Geopolitical risk in spades

Crimea Vote 

Crimea voted in an election to succeed from Ukraine and to join Russia leaving the markets to ask, what is next? We know that sanctions may follow assuming that Russia recognizes the vote and there is no sign that they will not. In the meantime the commodity markets are moving on not only Ukraine woes but China, Libya, Nigeria and the EU. While the initial risk on seems to be slowing, there is no doubt the markets remain on edge. Comments by Mario Draghi suggesting that the EU is looking to “act against deflation” adds a new element to buy euro, ask questions later trade is not a given.

Bloomberg News Reports that “Draghi said his forward guidance may help to weaken the euro and lower real interest rates, easing the risk that inflation won’t return to the goal set by policy makers. 

Guidance “creates a de facto loosening of policy stance, as real interest rates are set to fall over the projection horizon,” Draghi said in Vienna yesterday. “At the same time, the real interest-rate spread between the euro area and the rest of the world will probably fall, thus putting downward pressure on the exchange rate, everything else being equal.”

China also is a risk as they try to engineer a soft landing and unwind and deleverage risk against a backdrop of Fed tapering.
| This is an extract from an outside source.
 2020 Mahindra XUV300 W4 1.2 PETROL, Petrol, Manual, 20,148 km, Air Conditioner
The Chinese yuan is taking a hit as the Chinese central bank widened the trading range but still will set the closing price.  

Reuters News reports that China's yuan eased against the dollar on Monday after the central bank doubled the currency's daily trading band as part of its commitment to let markets play a greater role in the economy. Yet the currency moved in a relatively narrow range reflecting market views that the People's Bank of China will seek to limit currency swings at a time when markets fret over China's cooling growth and the quality of corporate debt.
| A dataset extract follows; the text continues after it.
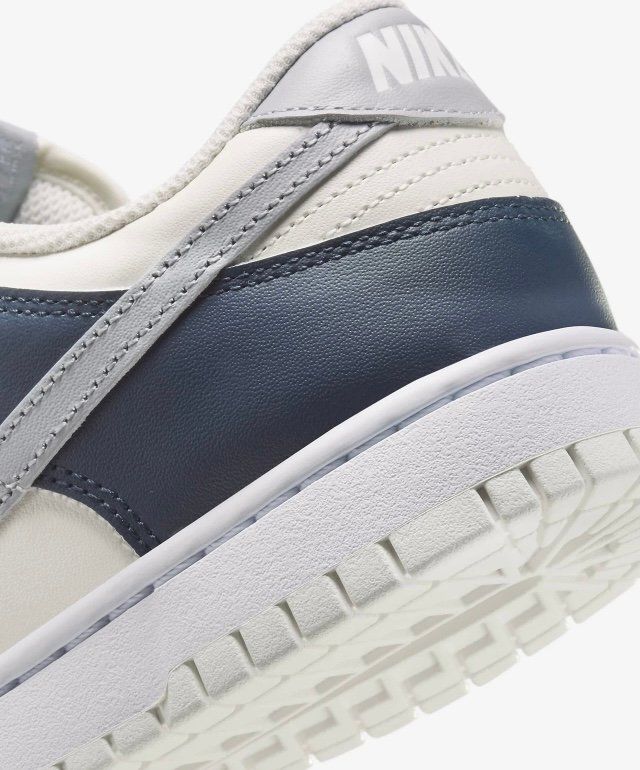 Nike Scarpe da uomo: Nike Dunk Low White/Armoury Navy/Wolf Grey - 44 – Nuovo (secondo la descrizione) da Winkel venduto da Studi66 2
"The PBOC, with the help of major state-owned banks, will for certain tighten the grip on yuan's value in coming days and weeks to prevent what it sees as excessive volatility," said a dealer at a European bank in Shanghai.

In the longer run, however, the central bank is expected to allow the currency to move in a broader range in a sign of its confidence that it can keep speculators at bay and that the economy was mature enough to handle greater uncertainty about the exchange rate. "Over time, the widening will pave the way for the PBOC to gradually lessen intervention in daily trading and will help China's reforms to make the yuan fully convertible eventually."

On Saturday, the People's Bank of China doubled the yuan's daily trading range, so that it can now rise or fall 2% around the daily midpoint rate. The currency opened at 6.15 to the dollar, just 0.29% weaker of the official mid-point rate. It briefly fell to an intraday low of 6.1642, 0.2% weaker than Friday's close.